For years, the largest saltwater lake in the Western Hemisphere has sprawled across northern Utah, and while its size fluctuates due to its shallowness, the extreme drought gripping the western United States today could become the death of the iconic body of water.
More than 93 percent of the land in seven Western states is in drought conditions, and nearly 59 percent of the area is experiencing extreme or exceptional drought -the two worst conditions – according to figures released by the U.S. Drought Monitor.
And with the severity of the drought in Utah, The Great Salt Lake is expected to reach a 170-year low, and this is on top of the record fire conditions that have already created fires across Utah and the other Western states.
The receding waters of the lake will have a far-reaching effect on not just the region’s ecosystem, but wildlife and human lives as well. And these issues could become very relevant if the lake turns to dust.
This one issue is very concerning for The Deseret News. It is reporting that the Great Salt Lake’s volume has dropped 50 percent overall, and the lake is drying up quickly.
The Great Salt Lake: A remnant of a much bigger lake
The Great Salt Lake is the largest lake in the United States that is not part of the Great Lakes region. It is actually the remnants of Lake Bonneville, a prehistoric lake that covered a good part of western Utah until about 16,800 years ago, when a large portion of the lake was released through the Red Rock Pass in Idaho, causing cataclysmic flooding.
To give readers an idea of how big Lake Bonneville was – today, the Great Salt Lake covers an area of approximately 1,700 square miles (4,400 square kilometers). It has an average depth of about 16 ft (4.9 meters).
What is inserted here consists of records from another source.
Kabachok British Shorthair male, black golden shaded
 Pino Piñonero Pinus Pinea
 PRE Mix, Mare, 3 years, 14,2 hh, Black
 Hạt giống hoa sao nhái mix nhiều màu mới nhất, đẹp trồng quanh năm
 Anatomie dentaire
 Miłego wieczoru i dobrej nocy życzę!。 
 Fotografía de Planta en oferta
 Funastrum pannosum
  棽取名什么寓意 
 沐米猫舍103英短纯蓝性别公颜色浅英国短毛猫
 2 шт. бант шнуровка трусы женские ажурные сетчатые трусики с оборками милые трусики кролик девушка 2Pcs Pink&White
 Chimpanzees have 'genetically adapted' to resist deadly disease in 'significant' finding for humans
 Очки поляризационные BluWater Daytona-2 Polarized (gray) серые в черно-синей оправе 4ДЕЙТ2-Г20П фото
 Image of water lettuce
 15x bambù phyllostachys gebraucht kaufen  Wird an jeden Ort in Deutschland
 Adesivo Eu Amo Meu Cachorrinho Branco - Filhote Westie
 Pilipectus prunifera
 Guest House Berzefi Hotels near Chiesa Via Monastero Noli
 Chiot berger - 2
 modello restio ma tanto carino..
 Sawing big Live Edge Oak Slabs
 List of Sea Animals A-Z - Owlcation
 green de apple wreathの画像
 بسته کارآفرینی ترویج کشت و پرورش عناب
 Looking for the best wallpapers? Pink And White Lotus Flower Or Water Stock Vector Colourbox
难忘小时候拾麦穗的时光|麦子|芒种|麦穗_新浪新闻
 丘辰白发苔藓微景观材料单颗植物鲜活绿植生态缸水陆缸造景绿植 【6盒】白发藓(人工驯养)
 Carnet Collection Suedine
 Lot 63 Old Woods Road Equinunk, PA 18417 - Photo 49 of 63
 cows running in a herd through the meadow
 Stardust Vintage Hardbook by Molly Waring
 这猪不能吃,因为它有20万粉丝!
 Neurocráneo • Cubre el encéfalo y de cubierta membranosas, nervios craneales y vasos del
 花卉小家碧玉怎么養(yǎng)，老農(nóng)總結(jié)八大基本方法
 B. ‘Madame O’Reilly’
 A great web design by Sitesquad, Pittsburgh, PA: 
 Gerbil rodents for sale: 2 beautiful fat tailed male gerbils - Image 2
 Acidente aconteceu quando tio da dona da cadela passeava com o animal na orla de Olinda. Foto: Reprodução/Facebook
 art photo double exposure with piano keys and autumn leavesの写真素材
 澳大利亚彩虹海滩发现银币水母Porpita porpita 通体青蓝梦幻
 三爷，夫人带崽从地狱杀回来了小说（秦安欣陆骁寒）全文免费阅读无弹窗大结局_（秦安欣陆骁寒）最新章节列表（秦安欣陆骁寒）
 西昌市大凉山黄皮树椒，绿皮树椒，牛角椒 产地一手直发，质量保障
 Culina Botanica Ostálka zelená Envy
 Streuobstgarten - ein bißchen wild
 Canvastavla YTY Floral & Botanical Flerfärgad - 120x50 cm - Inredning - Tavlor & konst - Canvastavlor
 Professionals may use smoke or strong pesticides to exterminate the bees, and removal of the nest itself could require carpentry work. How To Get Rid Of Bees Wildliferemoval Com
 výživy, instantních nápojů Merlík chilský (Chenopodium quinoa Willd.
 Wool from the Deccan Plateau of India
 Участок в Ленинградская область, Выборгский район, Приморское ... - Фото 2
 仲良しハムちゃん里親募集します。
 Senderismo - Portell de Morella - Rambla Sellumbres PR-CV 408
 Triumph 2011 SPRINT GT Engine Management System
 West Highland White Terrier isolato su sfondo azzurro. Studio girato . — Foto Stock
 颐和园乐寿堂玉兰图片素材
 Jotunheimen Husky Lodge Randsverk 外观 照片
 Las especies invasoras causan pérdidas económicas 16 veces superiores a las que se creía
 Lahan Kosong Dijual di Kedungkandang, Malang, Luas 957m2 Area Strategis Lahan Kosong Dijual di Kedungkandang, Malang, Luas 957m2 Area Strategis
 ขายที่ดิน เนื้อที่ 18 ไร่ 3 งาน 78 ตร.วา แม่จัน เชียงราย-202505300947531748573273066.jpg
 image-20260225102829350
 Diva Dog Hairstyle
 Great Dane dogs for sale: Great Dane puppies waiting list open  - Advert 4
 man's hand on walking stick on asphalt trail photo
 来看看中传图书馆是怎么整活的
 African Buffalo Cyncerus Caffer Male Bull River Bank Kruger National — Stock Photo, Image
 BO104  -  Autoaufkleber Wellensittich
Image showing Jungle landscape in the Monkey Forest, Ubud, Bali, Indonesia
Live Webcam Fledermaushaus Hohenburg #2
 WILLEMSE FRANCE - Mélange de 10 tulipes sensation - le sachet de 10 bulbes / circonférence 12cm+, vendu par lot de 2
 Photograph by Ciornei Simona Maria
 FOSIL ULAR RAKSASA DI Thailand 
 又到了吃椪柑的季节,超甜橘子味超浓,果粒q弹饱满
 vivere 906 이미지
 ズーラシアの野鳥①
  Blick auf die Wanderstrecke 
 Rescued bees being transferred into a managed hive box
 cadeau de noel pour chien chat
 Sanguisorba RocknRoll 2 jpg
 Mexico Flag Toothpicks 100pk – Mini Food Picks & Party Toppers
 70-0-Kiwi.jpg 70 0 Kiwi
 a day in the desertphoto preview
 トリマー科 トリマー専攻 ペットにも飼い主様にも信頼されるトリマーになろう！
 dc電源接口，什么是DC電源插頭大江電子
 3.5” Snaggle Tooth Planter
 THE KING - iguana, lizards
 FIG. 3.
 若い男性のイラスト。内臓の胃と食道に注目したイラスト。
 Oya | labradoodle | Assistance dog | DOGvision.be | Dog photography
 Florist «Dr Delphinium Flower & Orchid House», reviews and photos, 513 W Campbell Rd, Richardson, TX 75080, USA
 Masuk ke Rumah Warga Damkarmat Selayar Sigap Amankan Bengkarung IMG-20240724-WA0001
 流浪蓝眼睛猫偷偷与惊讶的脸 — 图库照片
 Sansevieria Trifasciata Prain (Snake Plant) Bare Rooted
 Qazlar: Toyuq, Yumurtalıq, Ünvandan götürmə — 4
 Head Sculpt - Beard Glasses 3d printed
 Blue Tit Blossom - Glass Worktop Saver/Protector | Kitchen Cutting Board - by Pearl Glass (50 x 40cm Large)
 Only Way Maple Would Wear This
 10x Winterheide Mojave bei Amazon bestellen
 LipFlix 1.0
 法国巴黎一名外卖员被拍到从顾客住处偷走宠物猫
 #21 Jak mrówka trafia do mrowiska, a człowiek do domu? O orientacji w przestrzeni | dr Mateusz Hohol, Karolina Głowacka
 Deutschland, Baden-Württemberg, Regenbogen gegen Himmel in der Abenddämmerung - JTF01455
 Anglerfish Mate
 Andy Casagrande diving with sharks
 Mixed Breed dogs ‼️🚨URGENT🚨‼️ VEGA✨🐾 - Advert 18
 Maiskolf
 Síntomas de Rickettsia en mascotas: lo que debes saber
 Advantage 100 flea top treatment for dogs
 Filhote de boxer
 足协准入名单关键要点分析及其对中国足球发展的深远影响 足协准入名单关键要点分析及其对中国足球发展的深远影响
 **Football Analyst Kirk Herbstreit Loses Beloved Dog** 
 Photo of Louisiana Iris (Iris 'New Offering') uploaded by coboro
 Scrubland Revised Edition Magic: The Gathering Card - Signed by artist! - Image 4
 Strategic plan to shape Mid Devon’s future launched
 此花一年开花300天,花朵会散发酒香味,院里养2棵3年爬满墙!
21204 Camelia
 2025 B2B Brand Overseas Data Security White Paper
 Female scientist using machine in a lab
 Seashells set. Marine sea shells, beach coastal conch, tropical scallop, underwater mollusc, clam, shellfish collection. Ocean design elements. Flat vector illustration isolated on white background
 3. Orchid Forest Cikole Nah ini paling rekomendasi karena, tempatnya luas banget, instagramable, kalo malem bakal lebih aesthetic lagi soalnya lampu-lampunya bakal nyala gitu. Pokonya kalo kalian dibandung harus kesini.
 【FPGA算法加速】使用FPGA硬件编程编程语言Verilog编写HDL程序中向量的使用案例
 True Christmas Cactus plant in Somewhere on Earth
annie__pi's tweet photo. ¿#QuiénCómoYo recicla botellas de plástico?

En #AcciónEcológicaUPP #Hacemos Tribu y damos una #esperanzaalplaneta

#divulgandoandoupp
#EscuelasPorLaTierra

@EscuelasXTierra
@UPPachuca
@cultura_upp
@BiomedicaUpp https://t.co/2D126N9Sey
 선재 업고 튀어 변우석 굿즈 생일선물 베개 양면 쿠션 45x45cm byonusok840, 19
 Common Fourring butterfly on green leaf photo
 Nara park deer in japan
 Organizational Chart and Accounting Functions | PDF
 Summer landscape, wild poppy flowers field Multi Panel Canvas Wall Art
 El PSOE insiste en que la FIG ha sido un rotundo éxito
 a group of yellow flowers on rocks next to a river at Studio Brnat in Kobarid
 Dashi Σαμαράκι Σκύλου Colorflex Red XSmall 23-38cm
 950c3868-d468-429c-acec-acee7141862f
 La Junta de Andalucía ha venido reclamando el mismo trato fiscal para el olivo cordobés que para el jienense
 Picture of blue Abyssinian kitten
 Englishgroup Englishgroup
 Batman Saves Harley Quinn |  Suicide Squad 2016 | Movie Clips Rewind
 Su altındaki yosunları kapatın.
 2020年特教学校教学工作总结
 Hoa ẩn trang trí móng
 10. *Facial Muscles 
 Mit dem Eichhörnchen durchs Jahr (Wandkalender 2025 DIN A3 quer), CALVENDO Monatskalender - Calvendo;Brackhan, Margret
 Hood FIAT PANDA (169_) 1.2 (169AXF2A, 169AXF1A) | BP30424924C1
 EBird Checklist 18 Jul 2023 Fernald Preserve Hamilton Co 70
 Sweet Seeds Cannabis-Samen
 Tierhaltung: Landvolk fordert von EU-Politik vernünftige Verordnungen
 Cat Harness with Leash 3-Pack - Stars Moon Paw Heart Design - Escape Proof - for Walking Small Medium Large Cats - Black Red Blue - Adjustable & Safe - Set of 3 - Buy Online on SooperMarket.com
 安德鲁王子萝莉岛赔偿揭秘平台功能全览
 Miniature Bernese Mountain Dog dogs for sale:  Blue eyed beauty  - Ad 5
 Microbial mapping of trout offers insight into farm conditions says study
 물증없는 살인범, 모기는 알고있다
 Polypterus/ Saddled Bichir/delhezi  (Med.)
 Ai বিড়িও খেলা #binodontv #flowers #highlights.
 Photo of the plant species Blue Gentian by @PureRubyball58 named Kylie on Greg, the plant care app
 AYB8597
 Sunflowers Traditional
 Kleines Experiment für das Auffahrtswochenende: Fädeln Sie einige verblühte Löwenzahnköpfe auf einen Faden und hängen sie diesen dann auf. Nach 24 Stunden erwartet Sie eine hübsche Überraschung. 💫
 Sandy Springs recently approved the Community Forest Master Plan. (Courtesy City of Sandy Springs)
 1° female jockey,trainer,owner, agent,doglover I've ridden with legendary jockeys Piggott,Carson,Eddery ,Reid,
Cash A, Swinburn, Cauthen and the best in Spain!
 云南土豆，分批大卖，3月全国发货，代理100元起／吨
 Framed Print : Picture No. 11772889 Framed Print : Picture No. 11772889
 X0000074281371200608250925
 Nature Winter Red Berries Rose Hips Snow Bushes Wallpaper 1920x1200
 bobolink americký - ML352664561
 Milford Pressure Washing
Lake Bonneville, on the other hand, spanned 22,400 square miles (58,000 square kilometers), nearly as large as present-day Lake Michigan, and had an average depth of 923 ft (281 meters).
Today, the Great Salt Lake is fed by three main tributaries, the Jordan, Weber, and Bear rivers. Between them, they deposit 1.1 million tons of minerals in the lake each year. And because the lake has no outlets, this results in the lake having very high salinity levels, much higher than ocean water.
And even though the lake has been occasionally called “America’s Dead Sea,” the lake provides a habitat for millions of birds, including shorebirds and waterfowl, and supports a brine shrimp (Artemia franciscana) industry that supplies 35 to 45 percent of the worldwide supply.
Man’s interference has not helped
Besides the horrific drought conditions, man has not helped the lake. People for years have been diverting water from rivers that flow into the lake to water crops and supply homes. Because the lake is shallow – less water quickly translates to receding shorelines.
Those dry shorelines, coated with a covering crust of minerals are full of naturally occurring arsenic, and when dust storms whip up across those shorelines, a broken crust can spread the pollution for miles.
More exposed lakebed also means more people have ventured onto the crust, including off-road vehicles that damage it, Great Salt Lake coordinator Laura Vernon said.
“The more continued drought we have, the more of the salt crust will be weathered and more dust will become airborne because there’s less of that protective crust layer,” she said.
The swirling dust also could speed the melting of Utah’s snow, according to research by McKenzie Skiles, a snow hydrologist at the University of Utah. And that will just continue the cycle of early snowmelt in the region, feeding into the lack of water.